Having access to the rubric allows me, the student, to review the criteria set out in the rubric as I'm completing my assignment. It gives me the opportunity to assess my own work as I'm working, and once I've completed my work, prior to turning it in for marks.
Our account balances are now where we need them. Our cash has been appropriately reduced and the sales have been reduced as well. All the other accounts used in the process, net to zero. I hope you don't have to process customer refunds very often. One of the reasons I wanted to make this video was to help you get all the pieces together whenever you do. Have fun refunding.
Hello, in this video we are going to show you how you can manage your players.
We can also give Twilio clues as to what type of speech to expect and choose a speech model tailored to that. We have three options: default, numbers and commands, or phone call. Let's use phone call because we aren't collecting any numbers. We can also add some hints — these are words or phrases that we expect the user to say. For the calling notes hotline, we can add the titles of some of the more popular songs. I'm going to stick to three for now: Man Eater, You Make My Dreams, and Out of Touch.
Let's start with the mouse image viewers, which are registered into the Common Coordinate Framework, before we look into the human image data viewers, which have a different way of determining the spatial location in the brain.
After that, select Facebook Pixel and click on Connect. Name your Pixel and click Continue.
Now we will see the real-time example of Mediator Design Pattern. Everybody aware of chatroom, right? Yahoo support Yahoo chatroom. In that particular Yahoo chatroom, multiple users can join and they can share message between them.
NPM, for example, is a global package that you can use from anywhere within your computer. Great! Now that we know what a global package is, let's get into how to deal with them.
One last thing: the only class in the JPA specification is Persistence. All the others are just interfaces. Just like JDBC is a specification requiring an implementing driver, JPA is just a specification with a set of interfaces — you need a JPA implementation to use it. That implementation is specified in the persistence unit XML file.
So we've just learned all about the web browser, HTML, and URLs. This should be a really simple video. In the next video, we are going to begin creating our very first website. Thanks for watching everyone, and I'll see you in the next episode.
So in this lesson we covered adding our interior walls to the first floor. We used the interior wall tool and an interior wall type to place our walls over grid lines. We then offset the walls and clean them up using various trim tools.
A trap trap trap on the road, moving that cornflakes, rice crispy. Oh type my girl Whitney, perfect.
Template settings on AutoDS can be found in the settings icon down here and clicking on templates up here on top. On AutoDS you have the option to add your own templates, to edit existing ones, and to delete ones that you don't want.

• • • •

• Task objective: Go through the entries and copy each line holding the string "what".

• Response:
We can also give Twilio clues as to what type of speech to expect and choose a speech model tailored to that. We have three options: default, numbers and commands, or phone call. Let's use phone call because we aren't collecting any numbers. We can also add some hints — these are words or phrases that we expect the user to say. For the calling notes hotline, we can add the titles of some of the more popular songs. I'm going to stick to three for now: Man Eater, You Make My Dreams, and Out of Touch.
NPM, for example, is a global package that you can use from anywhere within your computer. Great! Now that we know what a global package is, let's get into how to deal with them.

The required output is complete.